### Task to complete
With pictures left out, please repeat word for word the lines from the one containing "100% Platinum Silicone" through the end of the records.

### Recorded information
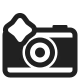 Camera with Flash High Contrast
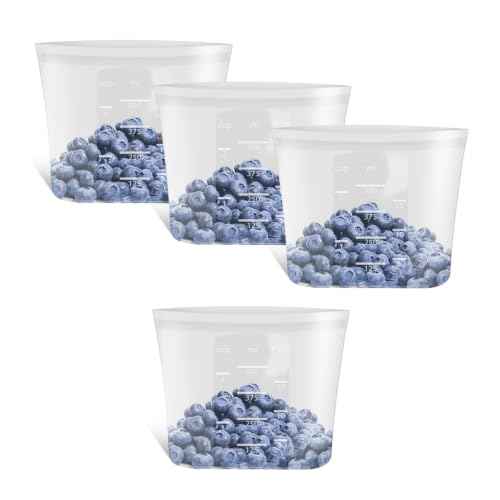 100% Platinum Silicone Reusable Food Storage Bags (4 Count)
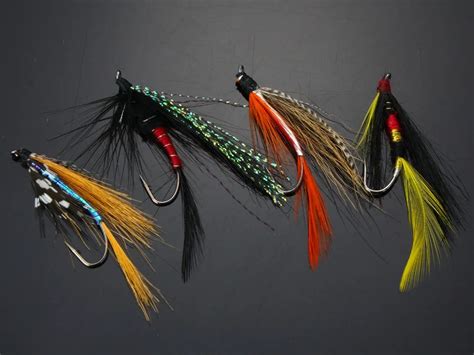 St Cke Lachs Einzel Fliegen Schwarz Orange Meer Lachs Forelle Fly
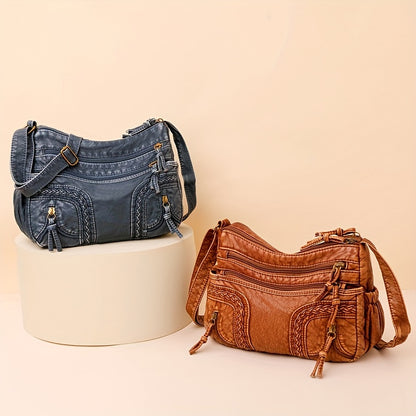 Braided Synthetic Leather Crossbody Bag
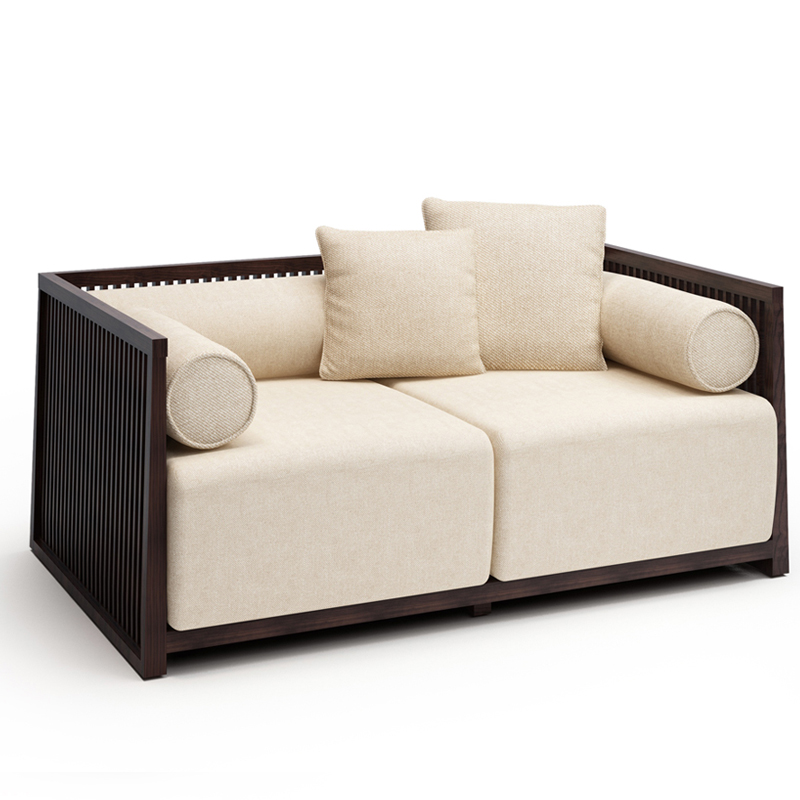 中式實(shí)木沙發(fā)組合，簡(jiǎn)約現(xiàn)代客廳布藝沙發(fā)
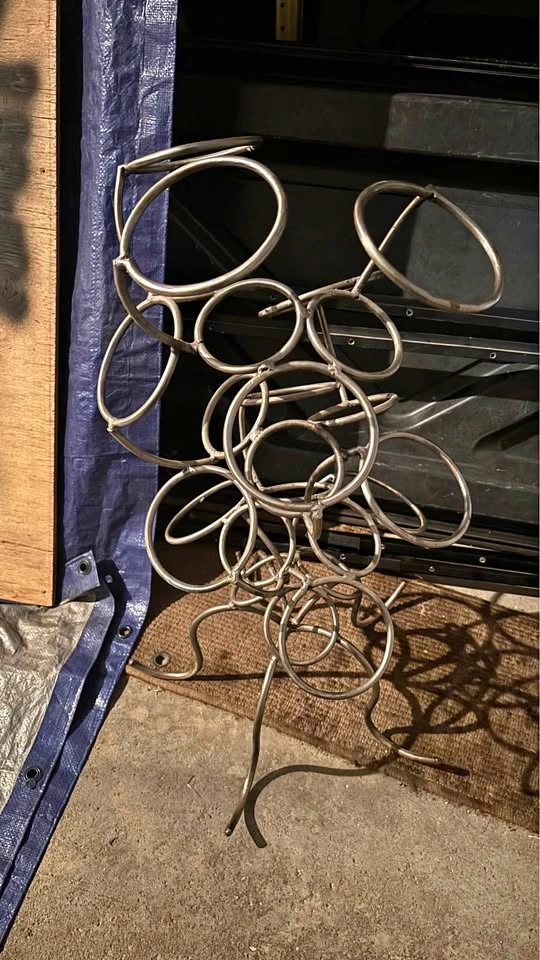 Cool Abstract Metal Sculpture Wine Rack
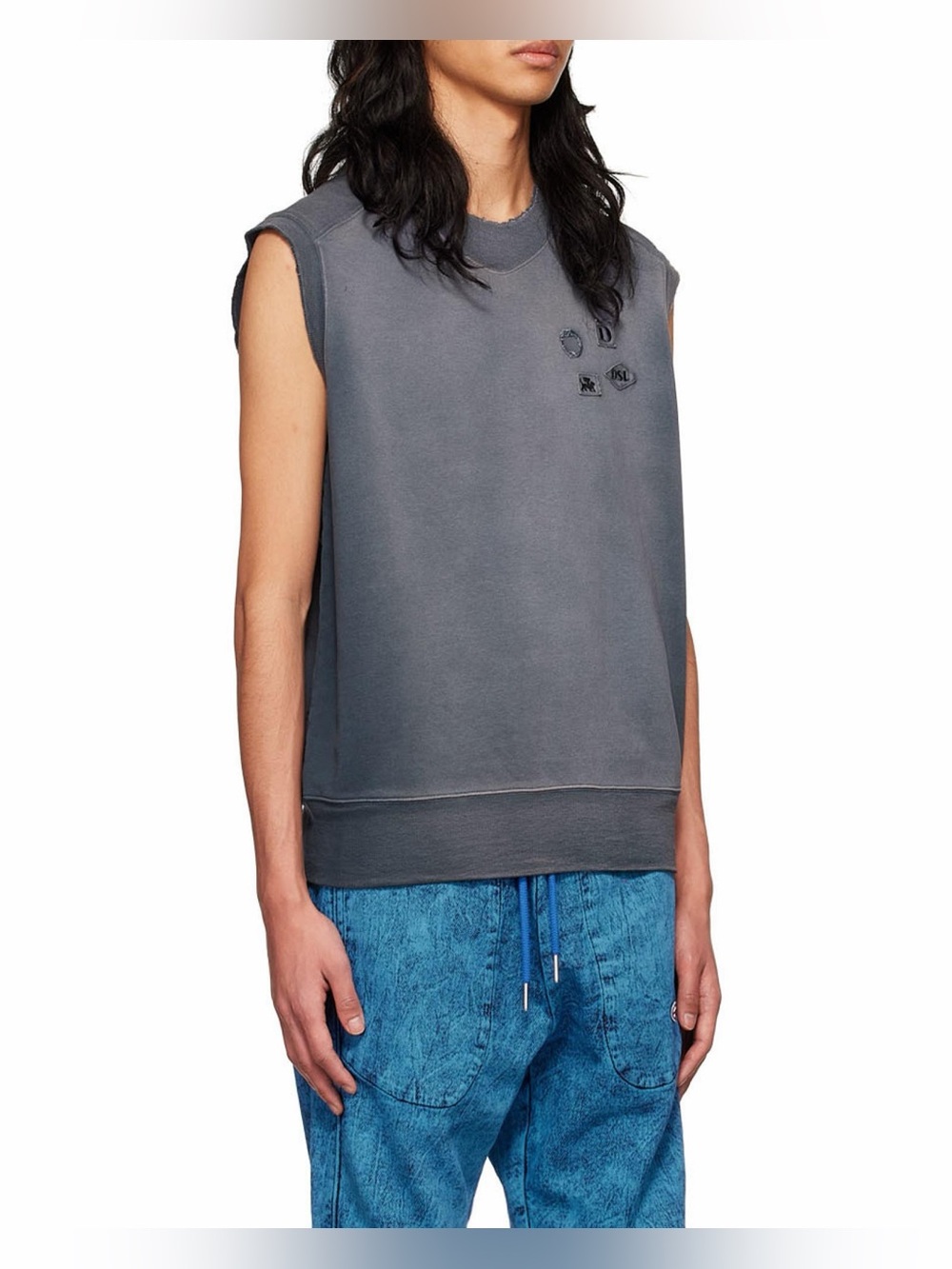 DIESEL Blue/Gray Logo Patch Tank Top Distressed Sleeveless Ribbed Hem size M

### Problem solution
 100% Platinum Silicone Reusable Food Storage Bags (4 Count)
 St Cke Lachs Einzel Fliegen Schwarz Orange Meer Lachs Forelle Fly
 Braided Synthetic Leather Crossbody Bag
 中式實(shí)木沙發(fā)組合，簡(jiǎn)約現(xiàn)代客廳布藝沙發(fā)
 Cool Abstract Metal Sculpture Wine Rack
 DIESEL Blue/Gray Logo Patch Tank Top Distressed Sleeveless Ribbed Hem size M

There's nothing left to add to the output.